In this section, we present a novel model based on the reinforcement one-shot active learning (ROAL) framework, which can monitor a stream of instances and select an appropriate action (classify or query the label) for each arrival instance. Our model metalearns a query strategy, which intelligently captures the time and population of instances that are worth to query. In present study, a long short-term memory (LSTM), which is connected to a linear output layer, is used to approximate the action-value function.

We examined our proposed ROAL model under an AOL set-up for two image classification tasks and compared the experimental results of present study with the results from previous study. Our goal is to further study the following points through experiments: 1) whether the model we proposed can learn a practical strategy that knows how to label instances and when to instead request a label, and 2) whether the model effectively uses its uncertainty of instances to make decisions.

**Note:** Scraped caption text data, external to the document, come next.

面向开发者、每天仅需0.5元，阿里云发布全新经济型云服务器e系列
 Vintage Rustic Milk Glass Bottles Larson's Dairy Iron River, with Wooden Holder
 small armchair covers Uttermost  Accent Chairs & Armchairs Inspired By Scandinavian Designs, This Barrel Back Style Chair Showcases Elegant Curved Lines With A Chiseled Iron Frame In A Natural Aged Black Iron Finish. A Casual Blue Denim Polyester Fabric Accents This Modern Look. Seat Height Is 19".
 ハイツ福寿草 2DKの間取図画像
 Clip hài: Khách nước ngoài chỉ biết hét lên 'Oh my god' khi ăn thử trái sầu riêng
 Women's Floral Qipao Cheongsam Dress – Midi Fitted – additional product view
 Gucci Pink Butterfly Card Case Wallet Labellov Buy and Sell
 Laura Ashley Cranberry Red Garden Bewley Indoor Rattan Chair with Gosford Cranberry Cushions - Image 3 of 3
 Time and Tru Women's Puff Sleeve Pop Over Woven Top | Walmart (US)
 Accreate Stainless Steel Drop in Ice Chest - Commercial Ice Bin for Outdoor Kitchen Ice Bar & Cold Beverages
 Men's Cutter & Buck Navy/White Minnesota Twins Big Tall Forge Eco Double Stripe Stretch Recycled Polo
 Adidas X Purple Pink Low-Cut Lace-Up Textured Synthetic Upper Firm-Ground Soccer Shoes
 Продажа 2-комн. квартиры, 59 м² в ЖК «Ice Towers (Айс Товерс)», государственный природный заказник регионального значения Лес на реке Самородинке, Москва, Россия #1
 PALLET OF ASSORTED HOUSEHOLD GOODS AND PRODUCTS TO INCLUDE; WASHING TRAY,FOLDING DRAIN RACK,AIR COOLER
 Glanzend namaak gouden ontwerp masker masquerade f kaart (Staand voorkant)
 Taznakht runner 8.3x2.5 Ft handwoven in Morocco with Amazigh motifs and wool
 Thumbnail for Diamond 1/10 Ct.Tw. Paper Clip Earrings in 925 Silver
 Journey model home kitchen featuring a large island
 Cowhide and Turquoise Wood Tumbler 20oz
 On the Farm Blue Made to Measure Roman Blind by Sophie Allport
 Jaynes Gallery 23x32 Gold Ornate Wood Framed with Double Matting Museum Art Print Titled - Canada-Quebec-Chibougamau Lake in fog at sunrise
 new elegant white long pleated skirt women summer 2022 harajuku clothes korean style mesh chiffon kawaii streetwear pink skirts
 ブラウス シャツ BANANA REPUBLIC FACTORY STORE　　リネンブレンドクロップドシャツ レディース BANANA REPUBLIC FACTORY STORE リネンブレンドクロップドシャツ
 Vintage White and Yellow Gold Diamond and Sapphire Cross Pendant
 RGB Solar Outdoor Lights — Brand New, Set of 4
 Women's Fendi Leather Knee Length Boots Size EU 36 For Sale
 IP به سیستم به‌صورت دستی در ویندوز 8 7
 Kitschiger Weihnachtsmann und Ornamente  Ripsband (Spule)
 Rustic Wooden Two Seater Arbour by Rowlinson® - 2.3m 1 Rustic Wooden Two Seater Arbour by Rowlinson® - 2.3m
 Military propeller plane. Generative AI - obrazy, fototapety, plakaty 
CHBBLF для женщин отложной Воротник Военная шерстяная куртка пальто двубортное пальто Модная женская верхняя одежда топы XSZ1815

We introduced a model that learns active learning via reinforcement learning. We evaluated the model on one-shot learning tasks. The results show that our model can transform from an engineering heuristic selection of samples to learning strategies from data. Compared to previous works [23], we substantially accelerated the convergence speed, avoided the gradient vanishing problem, improved the stability, reduced the number of request labels, and improved the accuracy of the model. The proposed model may be a good solution to practical problems such as movie recommendation [50] and network traffic analysis [20] due to its ability to learn and generalize new concepts in a short time.